The construction of constellations is something uniquely and beautifully human. We connect the chaotic dots in the night sky to make pictures that tell stories to help everyday life function. 15,000 years ago, painters depicted the coming of spring on cave walls by mapping the relationship between Taurus and the Pleiades in the sky. Ancient civilizations have used constellations to navigate the sea, chart calendars, and anticipate seasonal changes.

My work creates a parallel experience to the traditional function of constellations. Visual artwork and text first appear to be chaotic, but meaning emerges as the viewer is able to project significance into the embedded shapes. An invented constellation appears out of the chaos, and with it, a poetic message. 

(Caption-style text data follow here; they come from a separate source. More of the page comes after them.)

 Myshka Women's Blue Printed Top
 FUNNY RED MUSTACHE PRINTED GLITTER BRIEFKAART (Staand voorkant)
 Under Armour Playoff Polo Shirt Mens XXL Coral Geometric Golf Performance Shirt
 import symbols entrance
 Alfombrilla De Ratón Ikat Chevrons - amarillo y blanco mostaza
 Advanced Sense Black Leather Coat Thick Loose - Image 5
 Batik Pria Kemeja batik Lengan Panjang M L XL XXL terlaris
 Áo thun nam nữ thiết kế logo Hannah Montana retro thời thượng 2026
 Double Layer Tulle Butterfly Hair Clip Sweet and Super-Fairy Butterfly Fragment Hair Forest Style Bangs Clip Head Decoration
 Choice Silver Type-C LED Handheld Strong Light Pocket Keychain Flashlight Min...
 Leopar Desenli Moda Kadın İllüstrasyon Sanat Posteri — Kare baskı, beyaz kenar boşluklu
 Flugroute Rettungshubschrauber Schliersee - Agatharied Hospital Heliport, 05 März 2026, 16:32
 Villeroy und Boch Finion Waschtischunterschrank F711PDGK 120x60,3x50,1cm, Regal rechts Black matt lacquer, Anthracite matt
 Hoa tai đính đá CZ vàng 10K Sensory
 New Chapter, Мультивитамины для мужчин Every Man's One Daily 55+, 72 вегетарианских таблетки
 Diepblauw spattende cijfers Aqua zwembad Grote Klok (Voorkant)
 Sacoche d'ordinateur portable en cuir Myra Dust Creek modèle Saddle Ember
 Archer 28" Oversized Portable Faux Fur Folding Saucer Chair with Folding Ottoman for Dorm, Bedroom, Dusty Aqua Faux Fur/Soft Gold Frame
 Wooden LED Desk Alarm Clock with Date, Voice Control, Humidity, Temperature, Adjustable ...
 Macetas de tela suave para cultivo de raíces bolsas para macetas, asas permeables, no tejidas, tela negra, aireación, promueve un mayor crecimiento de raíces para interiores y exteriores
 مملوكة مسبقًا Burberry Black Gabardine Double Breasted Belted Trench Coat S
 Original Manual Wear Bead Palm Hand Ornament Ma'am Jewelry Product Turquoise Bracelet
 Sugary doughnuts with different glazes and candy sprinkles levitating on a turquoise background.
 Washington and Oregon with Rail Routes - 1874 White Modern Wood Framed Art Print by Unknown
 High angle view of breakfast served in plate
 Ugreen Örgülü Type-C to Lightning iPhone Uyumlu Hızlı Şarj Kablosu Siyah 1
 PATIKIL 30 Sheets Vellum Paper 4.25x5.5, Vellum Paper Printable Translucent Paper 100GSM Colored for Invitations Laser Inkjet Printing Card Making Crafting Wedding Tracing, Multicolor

Consider the popular, astronomical definition of a constellation as the imaginary lines drawn between relatively bright stars that appear close to one another. My work uses these imaginary lines to connect words that are scattered in space to form phrases and dots drawn into night skies to form letters. Concrete poetry interprets the idea of a constellation to mean a single-word poem whose syntax is created by spatial connections.  This definition is also present in the language of my work, which scatters words on the wall like stars in the sky. Linguistic structure emerges as the viewer draws lines in space to connect words and phrases.

The construction of constellations echoes the artist’s function: to look at the chaos of life and, somehow, construct from it a meaningful story. The imagination to draw lines between chaotic stars in the sky is the same imagination that makes connections in life, called art. The story of creativity lies in between the stars, where we are able to draw meaning out of the apparent randomness.